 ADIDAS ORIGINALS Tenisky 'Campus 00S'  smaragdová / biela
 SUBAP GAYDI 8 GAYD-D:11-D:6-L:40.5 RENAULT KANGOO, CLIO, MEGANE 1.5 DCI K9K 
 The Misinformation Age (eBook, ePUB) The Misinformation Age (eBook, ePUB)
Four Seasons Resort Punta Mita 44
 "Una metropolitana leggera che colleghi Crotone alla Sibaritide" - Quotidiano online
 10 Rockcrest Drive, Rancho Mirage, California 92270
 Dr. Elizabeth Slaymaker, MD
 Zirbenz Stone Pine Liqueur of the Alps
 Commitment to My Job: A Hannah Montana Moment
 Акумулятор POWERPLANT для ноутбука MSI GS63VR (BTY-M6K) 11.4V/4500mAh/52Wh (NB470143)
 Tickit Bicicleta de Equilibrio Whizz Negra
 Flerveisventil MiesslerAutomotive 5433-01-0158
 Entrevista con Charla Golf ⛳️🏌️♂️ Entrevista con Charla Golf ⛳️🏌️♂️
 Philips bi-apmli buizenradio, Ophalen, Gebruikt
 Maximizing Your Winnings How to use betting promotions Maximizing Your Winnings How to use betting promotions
++++++
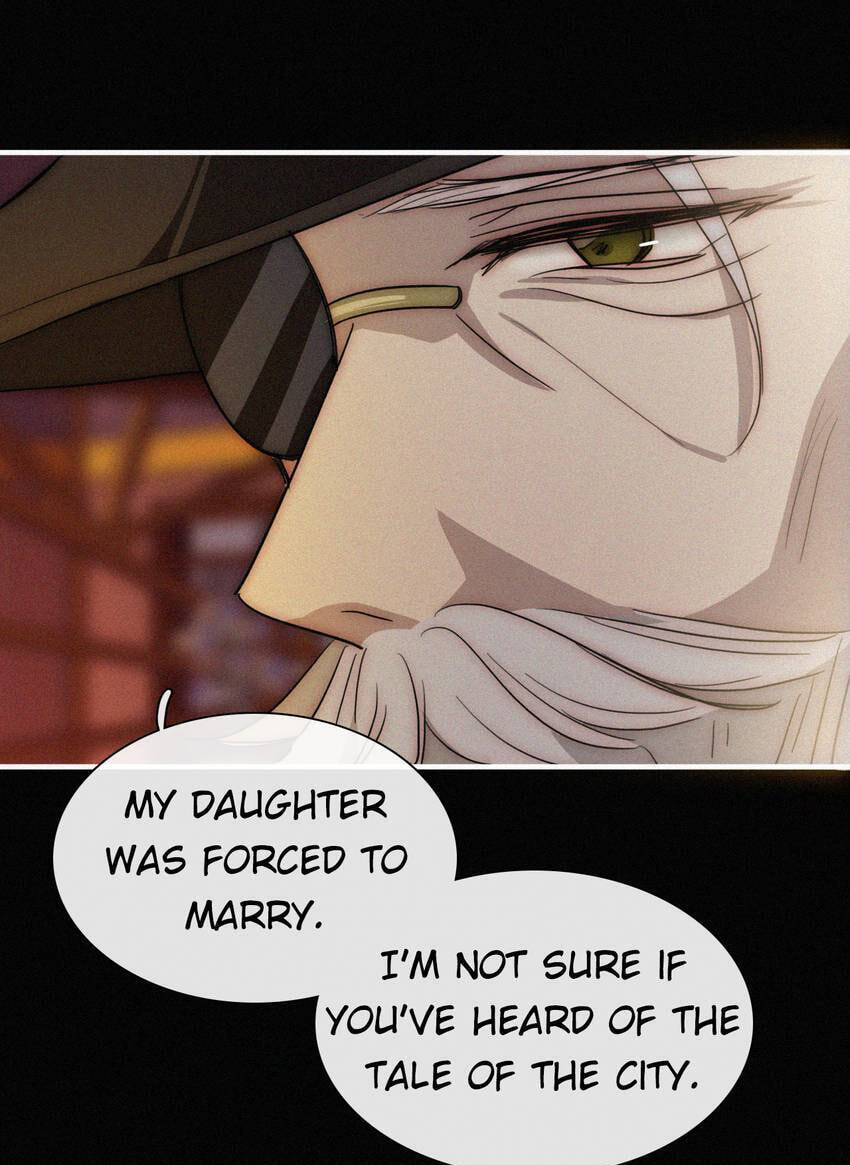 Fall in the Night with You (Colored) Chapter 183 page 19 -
++++++
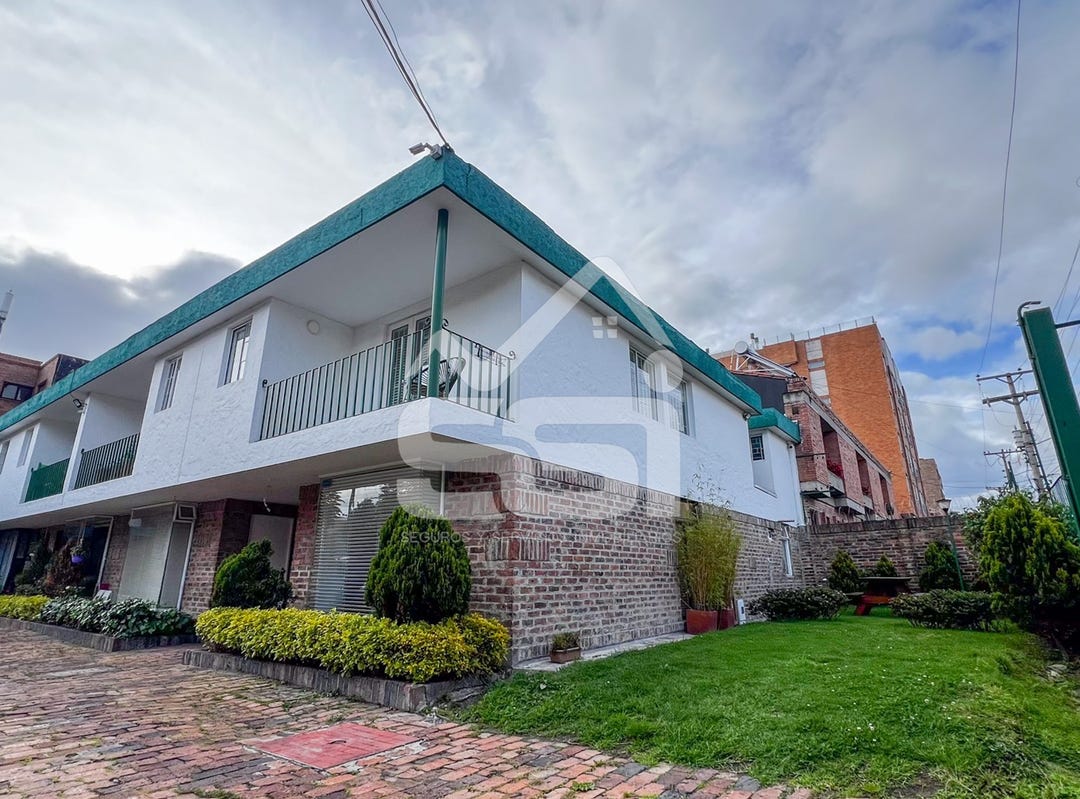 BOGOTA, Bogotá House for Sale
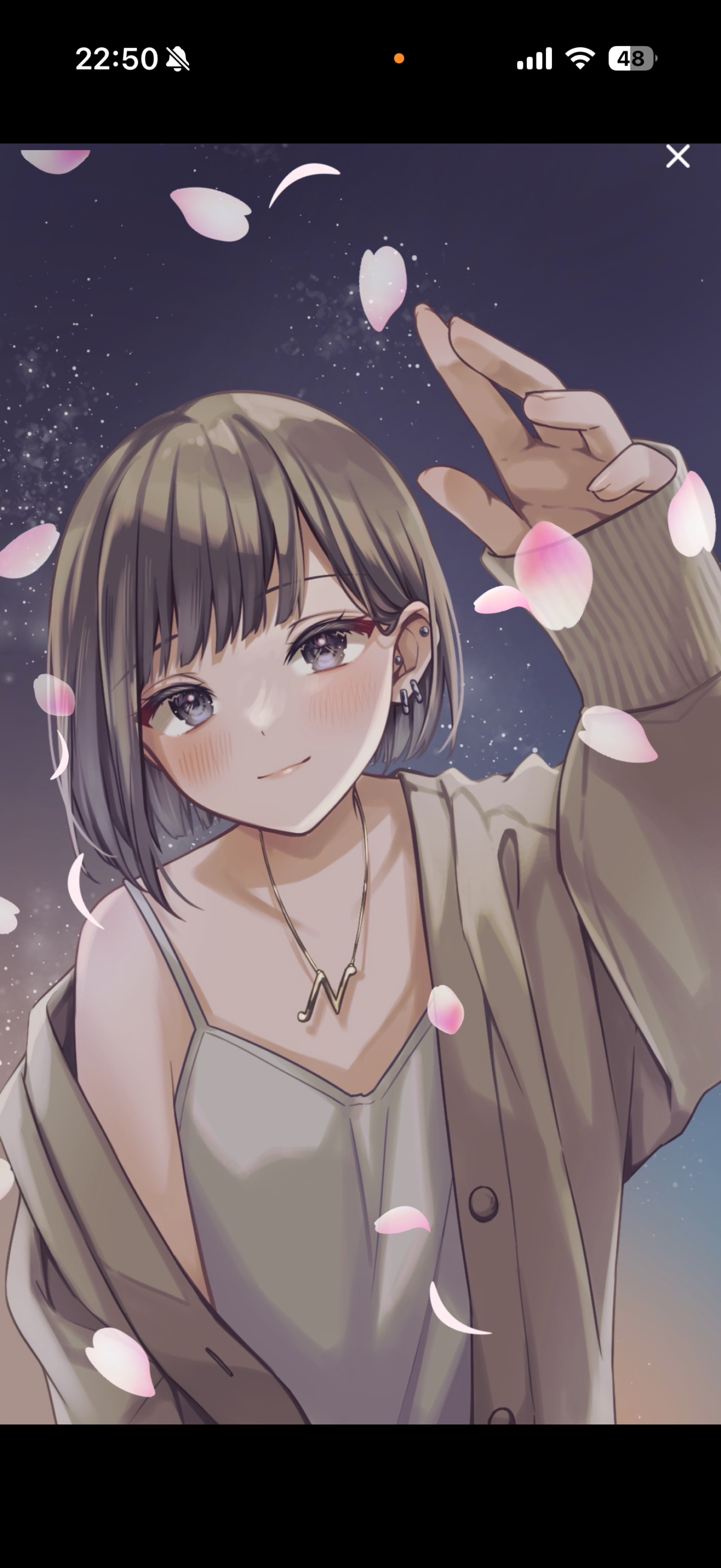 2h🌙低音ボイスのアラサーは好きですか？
++++++
> **About this task**
Reproduce word for word, with pictures dropped, only the part of the material above that opens with the line containing "BOGOTA, Bogotá House for Sale" and closes with the line containing "2h🌙低音ボイスのアラサーは好きですか？".

> **Response to the task**
 BOGOTA, Bogotá House for Sale
 2h🌙低音ボイスのアラサーは好きですか？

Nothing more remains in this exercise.